Therefore, we turn to how the predictions of voice quality can actually be made electronically. ITU P. 862 introduces Perceptual Evaluation of Speech Quality, the PESQ metric. PESQ is designed to take into account all aspects of voice quality, from the distortion of the codecs themselves to the effects of filtering, delay variation, and dropouts or strange distortions. PESQ was verified with a number of real MOS experiments to make sure that the numbers are reasonable within the range of normal telephone voices.
PESQ is measured on a 1 to 4.5 scale, aligning exactly with the 1 to 5 MOS scale, in the sense that a 1 is a 1, a 2 is a 2, and so on. (The area from 4.5 to 5 in PESQ is not addressed.) PESQ is designed to take into account many different factors that alter the perception of the quality of voice.
The basic concept of PESQ is to have a piece of software or test measurement equipment compare two versions of a recording: the original one and the one distorted by the telephone equipment being measured. PESQ then returns with the expected mean opinion score a group of real listeners are likely to have thought.
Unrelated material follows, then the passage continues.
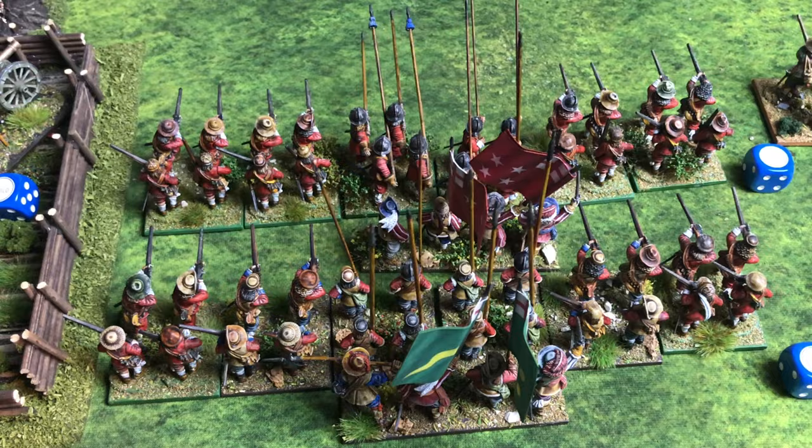Drawing a second card for the second shot — hit with a nine. Two hits total, so impact is 2d6 minus one each for being a light unit. Total impact comes to seven. The dragoon unit's morale is nine minus seven — needs to not roll above two. Rolling — a high result, so the dragoons retreat in full disorder and can't act next phase. That's the first really positive result for Parliament.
PESQ uses a perceptual model of voice, much the same way as perceptual voice codecs do. The two audio samples are mapped and remapped, until they take into account known perceptual qualities, such as the human change in sensitivity to loudness over frequency (sounds get quieter at the same pressure levels as they get higher in pitch). The samples are then matched up in time, eliminating any absolute delay, which affects the quality of a phone call but not a recording. The speech is then broken up into chunks, called utterances, which correspond to the same sound in both the original and distorted recording. The delays and distortions are then analyzed, counted, and correlated, and a number measuring how far removed the distorted signal is from the original signal is presented. This is the PESQ score.
PESQ is our first entry into the area of mathematical, or algorithmic, determination of call quality. It is good for measuring how well a new codec works, or how much noise is being injected into the sample. However, because it requires comparing what the talker said and what the listener heard, it is not practical for real-time call quality measurements.